§ **TASK GOAL**: Begin at the line that has "Lee Broom's Half Cut champagne glasses.", stop after the line that has "S.N Egg Boiler", and print exactly those lines from the records below, without any pictures.

§ **MATERIAL FOR THE TASK**:
※

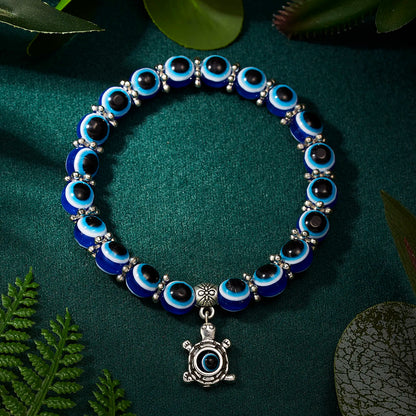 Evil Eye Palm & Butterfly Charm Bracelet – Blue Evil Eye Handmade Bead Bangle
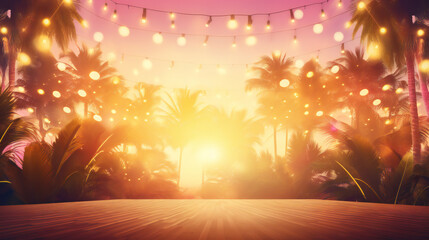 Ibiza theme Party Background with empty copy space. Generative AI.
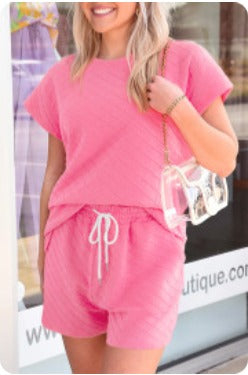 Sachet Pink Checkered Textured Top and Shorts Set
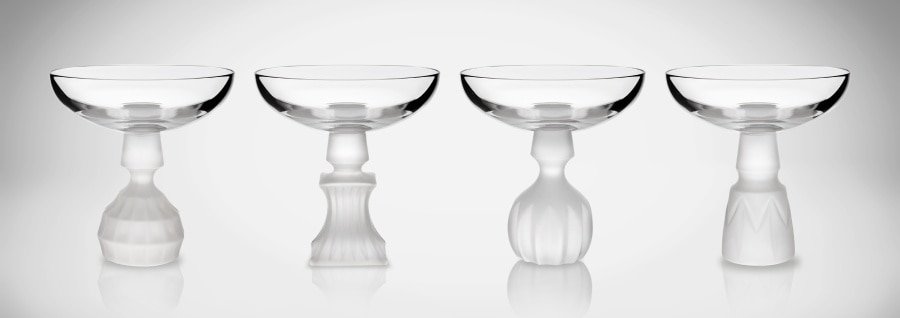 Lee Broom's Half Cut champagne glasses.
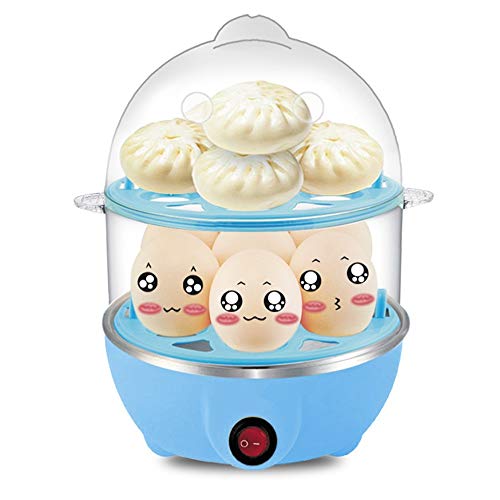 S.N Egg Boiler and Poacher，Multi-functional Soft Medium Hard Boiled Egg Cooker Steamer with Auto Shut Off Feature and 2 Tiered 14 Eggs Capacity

※

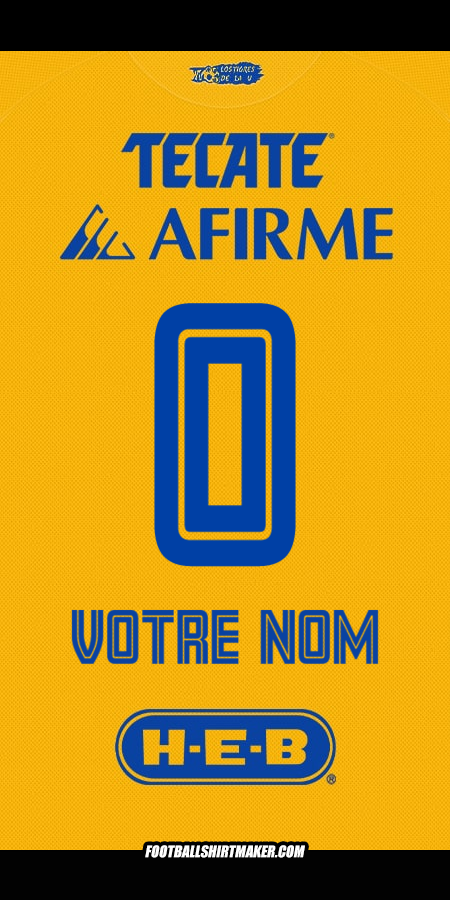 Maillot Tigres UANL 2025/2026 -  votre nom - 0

※

§ **WRITTEN ANSWER**:
 Lee Broom's Half Cut champagne glasses.
 S.N Egg Boiler and Poacher，Multi-functional Soft Medium Hard Boiled Egg Cooker Steamer with Auto Shut Off Feature and 2 Tiered 14 Eggs Capacity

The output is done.